As for Andy Martinez, around Acoma there is a popular story to explain why he quit running even before he finished high school. He had been undefeated until the spring of his junior year, when Louis, one year younger, blew by him in the stretch of a two-mile. "Right there, to me, is where Andy went down," says Louis. "He couldn't take the pressure of me beating him." The story cuts close to the bone. Martinez barely made it through his senior year, winning a fourth cross-country title almost by habit and then hanging up his track shoes midway through track season.

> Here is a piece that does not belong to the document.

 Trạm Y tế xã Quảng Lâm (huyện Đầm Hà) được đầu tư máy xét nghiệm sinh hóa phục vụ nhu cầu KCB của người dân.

But the story also seems too pat. Something else was hammering away at Martinez' ambition, for which this one defeat was merely the coup de grace. After all, it had been two years earlier that he ran his best times. "The problem with all Indian runners," says Louis, "is that they hang around with the wrong kind of people. They want to be with their peers and it's hard to say no to the kind of things that take away your interest in running." The peer pressure not to succeed is the most debilitating of all the conflicting allegiances that inhibit the Pueblo runner who would make a name for himself. "Andy got holding hands with the wrong kind of people his last year here," says Grants High Track and Cross-Country Coach Jodie Wallace.

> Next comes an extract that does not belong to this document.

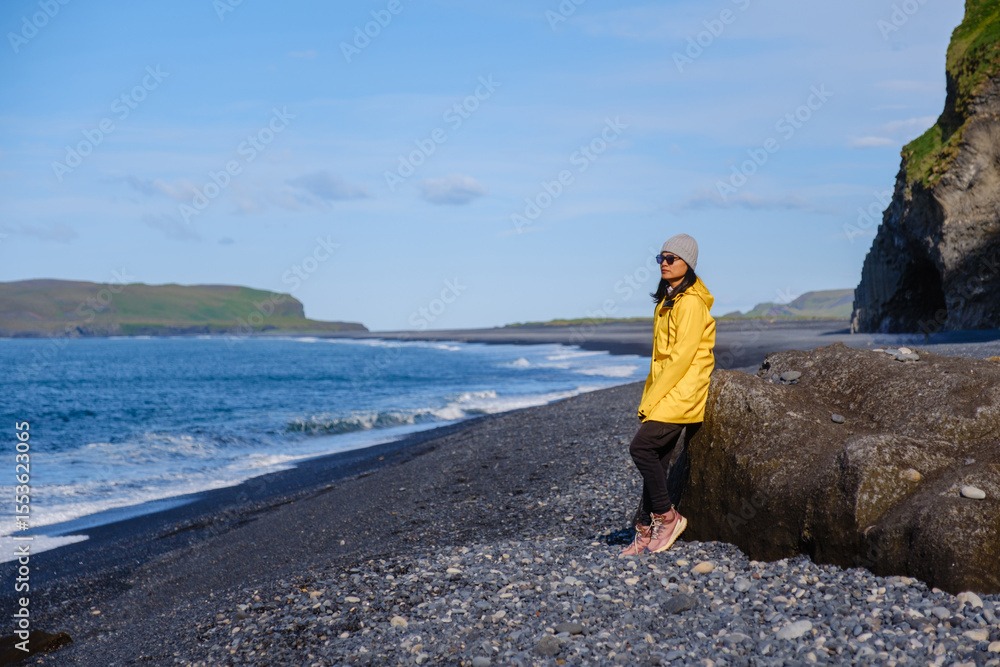 Fototapeta premium Exploring the unique beauty of Reynisfjara Beach in Iceland on a sunny day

Gary Louis is most convincing on this score, because he has been through the mill himself. Recently he joined the Marines to escape a six-month tailspin he went into after dropping out of Haskell: a time of working in the mines, sporadic training, too much alcohol and more than one night in jail. His story reads like a testimonial to the power of the Marine Corps to save souls. Self-questioning and self-assured, Louis now says, "Some of our own people get kind of jealous of anybody who's really achieving something. They cut you down a lot. I don't blame them for the trouble I had; I blame nobody but myself. But everywhere I used to go people knew me and Andy, and they told me I was going to end up just like him. These were my own people and they made fun of Andy because he ended up in the mines."
Louis' turning point came at an all-Indian training camp in Colorado, where he heard a lecture by Billy Mills, the South Dakota Sioux who won America's first gold medal ever at 10,000 meters in the 1964 Tokyo Games. Mills spoke about the setbacks he too had had as a young Indian runner. Mills told how friends taunted him, arguing, "If you don't drink, then you're not an Indian."